Por eso, hacer el análisis de mi vida, puede ser en teoría tarea fácil y sencilla. Involucrarme con todos mis sentidos al momento de realizarlo, implica una trascendencia en mi SER. Me es grato entonces poder sentarme y desgajar mi vida, y ¿porqué no compartirlo? Si compartimos tantas alegrías, ¿porqué no compartir esta? Cada parte conforma mi esencia, y cada parte se encuentra unida por un único común. Las ganas que aún tengo por vivir.
Y este gran salto compartido, también está lleno de agradecimiento a aquellas personas que han seguido conmigo física y emocionalmente, algunos a muy corta distancia, algunos otros a unos cuantos kilómetros, otros más perdidos un poco en la distancia.
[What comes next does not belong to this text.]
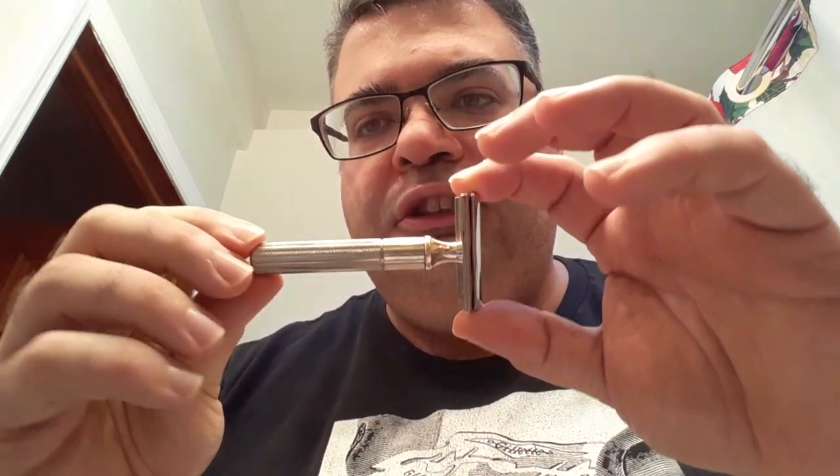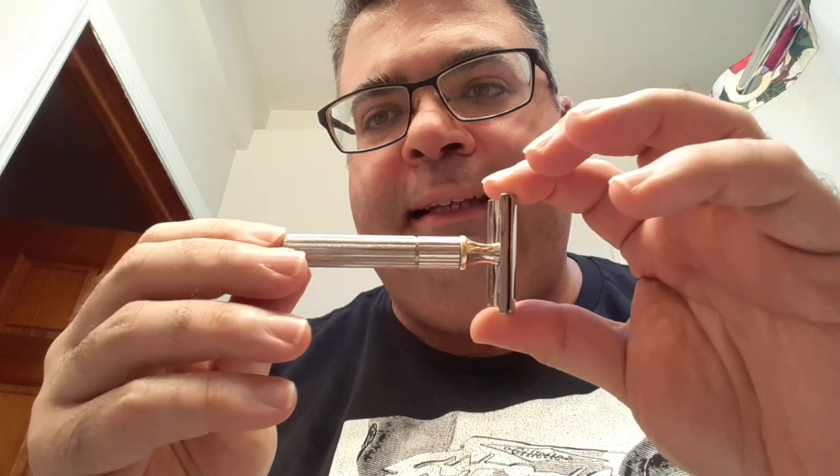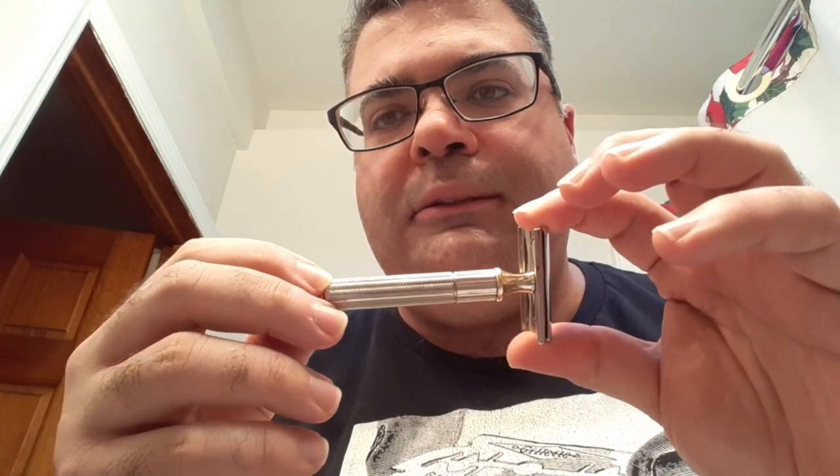Hardware-wise, my blade of choice is going to be a Kai Blade and my newly acquired Gillette Pre-War Tech Razor. The Pre-War Tech Razors were manufactured between 1939 — the year of my Bubby's birth — and they seized production in 1945-1946. I found this on eBay for a reasonable price and it's in excellent condition. It's a little heavier than my Post-War Tech, which may have been more of an aluminum base, where this feels more brass weight to it. They say the Pre-War Tech is more aggressive than the Post-War Tech, so I'm going to give that a spin with the Kai Blade.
Pero el calor que emana de nuestros corazones jamás me fortalece y me recuerda que no estoy sola.
Considero que es muy hermoso encontrar en la vida a personas tan significativas; es hermoso que a pesar del tiempo, de la bazofia que vivimos actualmente en nuestra sociedad, un poco trastornada, un poco menoscabada… podamos vislumbrar lo que realmente tenemos, eso que hemos denominado amor y que no conoce de números, estamos los que en este presente queremos estar.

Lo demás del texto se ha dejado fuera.